### WORKING DATA
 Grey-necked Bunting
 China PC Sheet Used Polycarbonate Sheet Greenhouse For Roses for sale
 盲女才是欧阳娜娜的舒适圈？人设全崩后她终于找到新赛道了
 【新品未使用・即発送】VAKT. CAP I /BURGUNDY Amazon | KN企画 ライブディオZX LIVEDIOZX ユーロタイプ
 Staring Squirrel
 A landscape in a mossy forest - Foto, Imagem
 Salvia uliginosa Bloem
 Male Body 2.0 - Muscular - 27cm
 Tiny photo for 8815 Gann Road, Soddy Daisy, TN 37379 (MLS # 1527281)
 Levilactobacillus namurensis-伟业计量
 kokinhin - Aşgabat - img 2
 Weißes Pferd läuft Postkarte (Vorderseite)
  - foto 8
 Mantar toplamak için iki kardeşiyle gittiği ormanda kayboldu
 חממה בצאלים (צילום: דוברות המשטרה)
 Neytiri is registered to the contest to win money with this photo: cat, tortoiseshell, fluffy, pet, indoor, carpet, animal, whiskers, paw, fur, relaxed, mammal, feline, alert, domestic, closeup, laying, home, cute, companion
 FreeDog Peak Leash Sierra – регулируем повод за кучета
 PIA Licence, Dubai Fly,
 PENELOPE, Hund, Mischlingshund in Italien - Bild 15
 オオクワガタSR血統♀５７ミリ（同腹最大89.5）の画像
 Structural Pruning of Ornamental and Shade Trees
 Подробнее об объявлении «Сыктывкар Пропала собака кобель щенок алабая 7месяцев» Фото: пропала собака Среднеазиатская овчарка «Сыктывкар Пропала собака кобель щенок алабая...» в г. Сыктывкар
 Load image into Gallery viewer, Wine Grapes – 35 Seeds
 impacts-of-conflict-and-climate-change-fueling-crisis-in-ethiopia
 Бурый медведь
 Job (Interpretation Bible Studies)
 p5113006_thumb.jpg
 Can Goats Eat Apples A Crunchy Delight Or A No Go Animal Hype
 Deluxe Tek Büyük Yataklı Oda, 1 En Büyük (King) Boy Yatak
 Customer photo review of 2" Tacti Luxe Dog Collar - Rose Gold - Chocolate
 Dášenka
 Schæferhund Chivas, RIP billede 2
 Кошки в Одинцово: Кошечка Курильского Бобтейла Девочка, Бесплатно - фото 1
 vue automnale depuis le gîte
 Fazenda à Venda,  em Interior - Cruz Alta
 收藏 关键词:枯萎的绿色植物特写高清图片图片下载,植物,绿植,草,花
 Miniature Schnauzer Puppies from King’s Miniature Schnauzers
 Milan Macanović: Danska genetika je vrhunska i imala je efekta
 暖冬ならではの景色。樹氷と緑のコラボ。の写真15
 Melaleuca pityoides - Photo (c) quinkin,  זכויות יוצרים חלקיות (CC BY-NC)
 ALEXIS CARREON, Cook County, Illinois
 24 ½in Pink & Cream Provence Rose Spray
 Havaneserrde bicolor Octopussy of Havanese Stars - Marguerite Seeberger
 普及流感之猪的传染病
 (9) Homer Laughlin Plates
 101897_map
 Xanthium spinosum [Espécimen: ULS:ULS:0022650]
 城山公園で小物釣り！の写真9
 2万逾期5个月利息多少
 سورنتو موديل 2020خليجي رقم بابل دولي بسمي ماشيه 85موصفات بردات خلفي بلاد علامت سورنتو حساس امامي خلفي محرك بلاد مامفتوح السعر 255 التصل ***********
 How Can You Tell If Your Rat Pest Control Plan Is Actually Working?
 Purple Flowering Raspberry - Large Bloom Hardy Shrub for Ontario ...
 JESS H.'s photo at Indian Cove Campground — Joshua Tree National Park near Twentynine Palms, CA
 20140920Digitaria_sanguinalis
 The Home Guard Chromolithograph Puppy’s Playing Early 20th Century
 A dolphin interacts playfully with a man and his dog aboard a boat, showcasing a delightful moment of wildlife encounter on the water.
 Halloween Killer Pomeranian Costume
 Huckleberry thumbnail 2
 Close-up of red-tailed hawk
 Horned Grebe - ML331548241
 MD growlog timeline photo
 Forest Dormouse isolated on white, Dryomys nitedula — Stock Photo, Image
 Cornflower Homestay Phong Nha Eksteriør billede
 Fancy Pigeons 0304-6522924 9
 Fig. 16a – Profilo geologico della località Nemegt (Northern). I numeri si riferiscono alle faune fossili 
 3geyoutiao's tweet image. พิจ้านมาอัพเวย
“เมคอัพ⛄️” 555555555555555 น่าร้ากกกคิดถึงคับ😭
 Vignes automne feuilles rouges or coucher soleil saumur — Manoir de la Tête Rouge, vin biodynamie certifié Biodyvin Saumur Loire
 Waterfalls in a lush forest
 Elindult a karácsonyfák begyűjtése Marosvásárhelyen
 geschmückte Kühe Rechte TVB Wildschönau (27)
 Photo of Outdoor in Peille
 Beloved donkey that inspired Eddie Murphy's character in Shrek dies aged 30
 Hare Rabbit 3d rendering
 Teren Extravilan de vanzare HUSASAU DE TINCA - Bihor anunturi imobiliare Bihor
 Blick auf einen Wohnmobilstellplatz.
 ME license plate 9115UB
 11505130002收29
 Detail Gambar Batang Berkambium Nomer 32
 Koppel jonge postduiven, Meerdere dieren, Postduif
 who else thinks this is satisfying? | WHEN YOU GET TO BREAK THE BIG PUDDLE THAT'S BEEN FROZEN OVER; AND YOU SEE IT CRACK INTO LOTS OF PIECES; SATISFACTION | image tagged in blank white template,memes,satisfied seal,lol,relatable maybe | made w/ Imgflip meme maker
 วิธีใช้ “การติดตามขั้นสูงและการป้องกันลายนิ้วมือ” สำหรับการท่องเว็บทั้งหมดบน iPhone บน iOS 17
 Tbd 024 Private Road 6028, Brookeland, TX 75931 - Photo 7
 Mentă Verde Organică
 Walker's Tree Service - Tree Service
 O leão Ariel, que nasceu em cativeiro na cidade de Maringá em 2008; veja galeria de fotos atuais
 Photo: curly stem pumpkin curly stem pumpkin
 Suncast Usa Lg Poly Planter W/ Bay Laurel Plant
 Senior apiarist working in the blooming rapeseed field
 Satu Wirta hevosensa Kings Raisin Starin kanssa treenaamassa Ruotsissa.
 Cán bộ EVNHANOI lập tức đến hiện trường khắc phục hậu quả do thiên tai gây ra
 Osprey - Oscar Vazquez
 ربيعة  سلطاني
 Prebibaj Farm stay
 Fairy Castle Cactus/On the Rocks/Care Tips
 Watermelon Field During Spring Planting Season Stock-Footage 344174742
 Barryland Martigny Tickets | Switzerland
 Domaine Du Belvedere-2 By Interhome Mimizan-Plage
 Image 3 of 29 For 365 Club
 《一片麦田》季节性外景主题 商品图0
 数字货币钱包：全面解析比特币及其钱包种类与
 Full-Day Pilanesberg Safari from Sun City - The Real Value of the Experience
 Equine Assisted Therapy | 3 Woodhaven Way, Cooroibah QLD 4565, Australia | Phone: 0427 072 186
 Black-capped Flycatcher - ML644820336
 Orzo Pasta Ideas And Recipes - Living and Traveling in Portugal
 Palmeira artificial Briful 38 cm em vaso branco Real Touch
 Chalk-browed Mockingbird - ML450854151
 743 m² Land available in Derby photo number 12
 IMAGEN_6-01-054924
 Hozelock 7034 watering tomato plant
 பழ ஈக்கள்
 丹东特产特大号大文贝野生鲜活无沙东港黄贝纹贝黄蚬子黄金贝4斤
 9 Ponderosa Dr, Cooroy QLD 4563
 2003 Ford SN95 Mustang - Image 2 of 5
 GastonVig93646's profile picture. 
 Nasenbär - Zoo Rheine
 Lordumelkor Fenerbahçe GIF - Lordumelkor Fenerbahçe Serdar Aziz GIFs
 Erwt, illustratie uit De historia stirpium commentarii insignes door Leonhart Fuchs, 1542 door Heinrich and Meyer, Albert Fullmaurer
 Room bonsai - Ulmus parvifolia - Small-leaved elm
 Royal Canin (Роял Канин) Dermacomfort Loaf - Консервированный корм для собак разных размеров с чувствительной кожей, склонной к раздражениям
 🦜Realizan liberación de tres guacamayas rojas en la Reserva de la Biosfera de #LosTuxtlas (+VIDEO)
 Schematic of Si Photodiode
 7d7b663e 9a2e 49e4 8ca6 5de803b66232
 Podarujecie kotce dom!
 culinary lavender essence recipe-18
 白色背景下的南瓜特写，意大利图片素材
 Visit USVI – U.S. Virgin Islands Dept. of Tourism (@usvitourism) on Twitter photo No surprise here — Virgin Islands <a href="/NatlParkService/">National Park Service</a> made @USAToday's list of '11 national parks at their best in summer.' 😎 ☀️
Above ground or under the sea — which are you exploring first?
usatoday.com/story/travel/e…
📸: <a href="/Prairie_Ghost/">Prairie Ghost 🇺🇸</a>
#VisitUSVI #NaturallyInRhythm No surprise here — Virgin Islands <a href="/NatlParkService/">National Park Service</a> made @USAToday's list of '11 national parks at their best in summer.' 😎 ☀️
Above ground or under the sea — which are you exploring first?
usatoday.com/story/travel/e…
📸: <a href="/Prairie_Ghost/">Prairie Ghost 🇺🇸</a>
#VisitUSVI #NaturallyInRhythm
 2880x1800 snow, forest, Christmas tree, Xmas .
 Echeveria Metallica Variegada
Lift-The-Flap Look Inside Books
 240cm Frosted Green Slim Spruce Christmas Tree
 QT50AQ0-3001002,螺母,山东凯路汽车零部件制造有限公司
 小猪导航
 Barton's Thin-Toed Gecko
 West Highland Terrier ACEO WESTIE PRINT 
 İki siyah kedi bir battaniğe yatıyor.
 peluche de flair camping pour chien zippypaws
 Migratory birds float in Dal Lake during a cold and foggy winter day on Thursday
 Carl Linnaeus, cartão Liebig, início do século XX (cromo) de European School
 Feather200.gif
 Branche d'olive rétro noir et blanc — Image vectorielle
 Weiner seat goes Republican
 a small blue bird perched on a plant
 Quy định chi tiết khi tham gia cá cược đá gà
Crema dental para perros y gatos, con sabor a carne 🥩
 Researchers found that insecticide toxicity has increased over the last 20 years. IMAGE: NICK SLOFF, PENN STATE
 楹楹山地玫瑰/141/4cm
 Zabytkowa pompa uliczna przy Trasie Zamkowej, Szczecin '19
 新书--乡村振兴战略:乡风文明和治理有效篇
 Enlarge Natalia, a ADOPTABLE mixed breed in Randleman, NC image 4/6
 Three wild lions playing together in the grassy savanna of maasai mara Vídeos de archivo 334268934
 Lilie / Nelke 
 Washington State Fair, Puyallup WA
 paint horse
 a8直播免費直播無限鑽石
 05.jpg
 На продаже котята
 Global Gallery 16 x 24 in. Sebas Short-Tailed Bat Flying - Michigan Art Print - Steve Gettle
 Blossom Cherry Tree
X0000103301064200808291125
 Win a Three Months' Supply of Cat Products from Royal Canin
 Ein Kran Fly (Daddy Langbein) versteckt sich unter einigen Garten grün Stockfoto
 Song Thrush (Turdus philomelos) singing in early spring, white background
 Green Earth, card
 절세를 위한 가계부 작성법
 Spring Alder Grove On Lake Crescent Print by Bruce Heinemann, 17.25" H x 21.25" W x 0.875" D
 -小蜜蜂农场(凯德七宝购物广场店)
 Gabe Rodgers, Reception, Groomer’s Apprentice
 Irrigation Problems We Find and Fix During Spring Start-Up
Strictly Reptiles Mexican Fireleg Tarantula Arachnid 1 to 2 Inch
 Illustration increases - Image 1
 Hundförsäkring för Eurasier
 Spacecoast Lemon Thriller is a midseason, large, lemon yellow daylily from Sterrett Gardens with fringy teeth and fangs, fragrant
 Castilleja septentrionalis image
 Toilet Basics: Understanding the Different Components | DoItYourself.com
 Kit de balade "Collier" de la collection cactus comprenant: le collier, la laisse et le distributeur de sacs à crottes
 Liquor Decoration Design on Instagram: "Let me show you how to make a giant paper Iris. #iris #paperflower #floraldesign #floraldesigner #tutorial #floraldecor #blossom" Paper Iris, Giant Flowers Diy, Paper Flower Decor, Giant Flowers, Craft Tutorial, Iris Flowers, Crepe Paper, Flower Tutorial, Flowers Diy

### ASSIGNED TASK
Copy out every line of the listing where the word "white" occurs.

### RESULT OF THIS EXERCISE
 Forest Dormouse isolated on white, Dryomys nitedula — Stock Photo, Image
 who else thinks this is satisfying? | WHEN YOU GET TO BREAK THE BIG PUDDLE THAT'S BEEN FROZEN OVER; AND YOU SEE IT CRACK INTO LOTS OF PIECES; SATISFACTION | image tagged in blank white template,memes,satisfied seal,lol,relatable maybe | made w/ Imgflip meme maker
 Song Thrush (Turdus philomelos) singing in early spring, white background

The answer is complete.